Asymptotic behavior of solutions toward the rarefaction waves to the Cauchy problem for the generalized Benjamin-Bona-Mahony-Burgers equation with dissipative term

TL;DR

This paper analyzes the long-term behavior of solutions to a generalized Benjamin-Bona-Mahony-Burgers equation with dissipation, proving solutions tend to rarefaction waves over time and establishing their stability.

Contribution

It demonstrates the asymptotic stability of rarefaction waves for the generalized Benjamin-Bona-Mahony-Burgers equation with dissipative terms, extending results to related KdV-Burgers equations.

Findings

Solutions tend toward rarefaction waves as time approaches infinity.

Proves global asymptotic stability of rarefaction waves.

Extends stability results to generalized KdV-Burgers equations.

Abstract

In this paper, we investigate the asymptotic behavior of solutions to the Cauchy problem with the far field condisiton for the generalized Benjamin-Bona-Mahony-Burgers equation with a fourth-order dissipative term.
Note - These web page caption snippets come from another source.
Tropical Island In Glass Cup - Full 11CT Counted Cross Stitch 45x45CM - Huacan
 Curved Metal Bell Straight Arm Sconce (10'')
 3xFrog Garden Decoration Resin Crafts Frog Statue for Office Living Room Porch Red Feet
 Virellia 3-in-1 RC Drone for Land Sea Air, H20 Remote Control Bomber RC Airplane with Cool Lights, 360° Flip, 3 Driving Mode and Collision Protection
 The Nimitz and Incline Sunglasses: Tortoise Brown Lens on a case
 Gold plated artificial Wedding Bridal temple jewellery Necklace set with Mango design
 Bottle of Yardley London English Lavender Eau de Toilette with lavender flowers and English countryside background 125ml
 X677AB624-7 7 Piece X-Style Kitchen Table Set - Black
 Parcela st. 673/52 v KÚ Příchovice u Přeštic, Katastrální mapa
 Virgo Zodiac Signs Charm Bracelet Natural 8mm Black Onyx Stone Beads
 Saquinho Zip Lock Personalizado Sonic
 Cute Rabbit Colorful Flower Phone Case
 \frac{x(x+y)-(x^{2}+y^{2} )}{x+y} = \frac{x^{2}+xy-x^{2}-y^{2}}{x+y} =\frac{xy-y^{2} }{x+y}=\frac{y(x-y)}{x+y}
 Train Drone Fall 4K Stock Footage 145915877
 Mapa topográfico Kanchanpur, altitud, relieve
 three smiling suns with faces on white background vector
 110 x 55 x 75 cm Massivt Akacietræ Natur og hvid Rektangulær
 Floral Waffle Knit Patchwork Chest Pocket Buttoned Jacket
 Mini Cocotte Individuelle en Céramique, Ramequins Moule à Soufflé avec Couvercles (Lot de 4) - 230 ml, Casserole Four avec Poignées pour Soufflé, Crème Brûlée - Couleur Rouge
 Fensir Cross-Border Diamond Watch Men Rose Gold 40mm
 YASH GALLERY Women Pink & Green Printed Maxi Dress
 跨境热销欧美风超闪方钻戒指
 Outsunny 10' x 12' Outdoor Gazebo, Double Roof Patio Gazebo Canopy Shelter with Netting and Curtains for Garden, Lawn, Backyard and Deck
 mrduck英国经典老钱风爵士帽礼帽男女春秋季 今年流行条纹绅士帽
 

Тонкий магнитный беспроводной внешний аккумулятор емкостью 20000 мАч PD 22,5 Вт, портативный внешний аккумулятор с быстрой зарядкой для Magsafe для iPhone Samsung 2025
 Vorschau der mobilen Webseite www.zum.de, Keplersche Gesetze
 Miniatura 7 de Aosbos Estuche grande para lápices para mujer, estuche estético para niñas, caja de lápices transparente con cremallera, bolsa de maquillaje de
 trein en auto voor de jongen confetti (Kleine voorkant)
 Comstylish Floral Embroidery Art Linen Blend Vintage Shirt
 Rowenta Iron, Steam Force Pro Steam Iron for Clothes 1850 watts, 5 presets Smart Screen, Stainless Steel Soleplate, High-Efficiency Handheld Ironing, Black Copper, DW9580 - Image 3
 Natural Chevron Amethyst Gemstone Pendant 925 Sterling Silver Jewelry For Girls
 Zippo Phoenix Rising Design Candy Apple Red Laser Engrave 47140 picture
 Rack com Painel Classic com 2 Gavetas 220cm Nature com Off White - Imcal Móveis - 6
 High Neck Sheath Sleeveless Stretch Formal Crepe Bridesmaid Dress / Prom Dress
When the corresponding Riemann problem for the hyperbolic part admits a Riemann solution which consists of single rarefaction wave, it is proved that the solution of the Cauchy problem tends toward the rarefaction wave as time goes to infinity. We can further obtain the same global asymptotic stability of the rarefaction wave to the generalized Korteweg-de Vries-Benjamin-Bona-Mahony-Burgers equation with a fourth-order dissipative term as the former one.